To solve Equation \ref{7.9} numerically, we will develop both a finite difference method and a shooting method. Furthermore, we will show how to solve \((7.9)\) with homogeneous boundary conditions on either the function \(y\) or its derivative \(y^{\prime}\).

Finite difference method

We first consider solving \((7.9)\) with the homogeneous boundary conditions \(y(0)=\) \(y(1)=0 .\) In this case, we have already shown that the eigenvalues of Equation \ref{7.9} are given by \(\lambda=\pi, 2 \pi, 3 \pi, \ldots\).

With \(n\) interior points, we have \(x_{i}=i h\) for \(i=0, \ldots, n+1\), and \(h=1 /(n+1)\). Using the centered-finite-difference approximation for the second derivative, Equation \ref{7.9} becomes

\[y_{i-1}-2 y_{i}+y_{i+1}=-h^{2} \lambda^{2} y_{i} \nonumber \]

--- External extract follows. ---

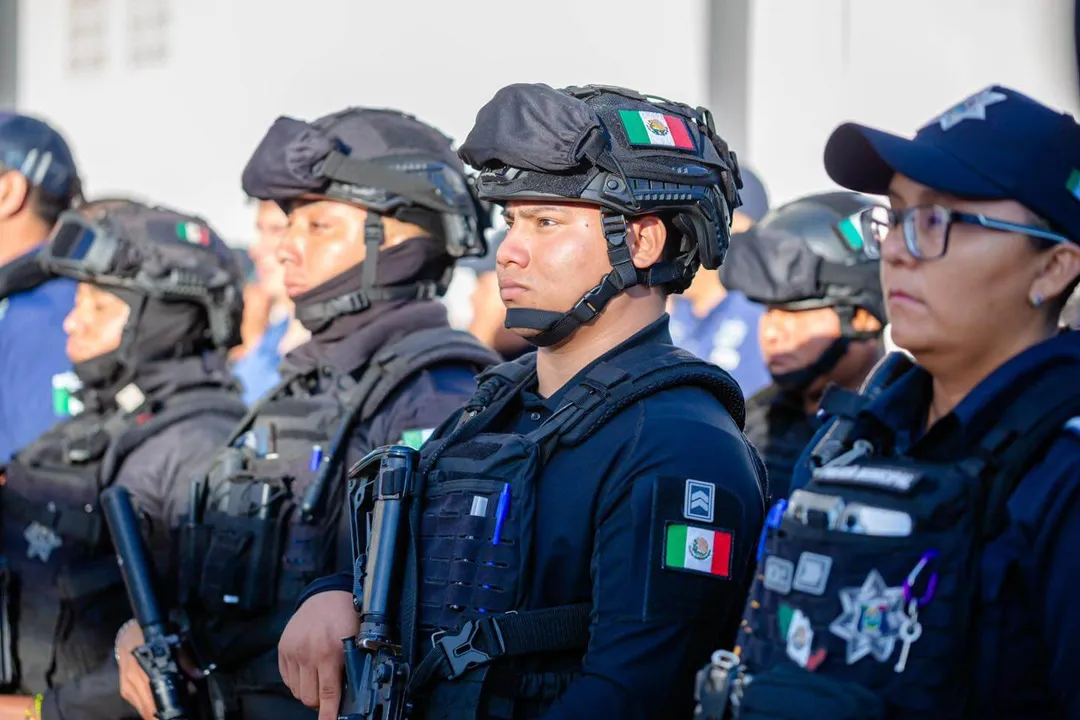 Law enforcement officers in tactical gear and helmets stand in formation during a security briefing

Applying the boundary conditions \(y_{0}=y_{n+1}=0\), the first equation with \(i=1\), and the last equation with \(i=n\), are given by

\[\begin{aligned} -2 y_{1}+y_{2} &=-h^{2} \lambda^{2} y_{1} \\ y_{n-1}-2 y_{n} &=-h^{2} \lambda^{2} y_{n} \end{aligned} \nonumber \]

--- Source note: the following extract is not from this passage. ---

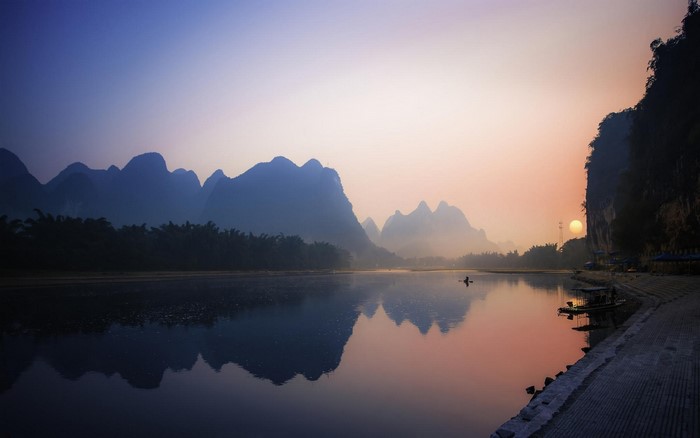 Misty River Landscape at Sunrise with Karst Mountains in China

The remaining \(n-2\) equations are given by \((7.10)\) for \(i=2, \ldots, n-1\) It is of interest to see how the solution develops with increasing \(n\). The smallest possible value is \(n=1\), corresponding to a single interior point, and since \(h=1 / 2\) we have

\[-2 y_{1}=-\frac{1}{4} \lambda^{2} y_{1} \nonumber \]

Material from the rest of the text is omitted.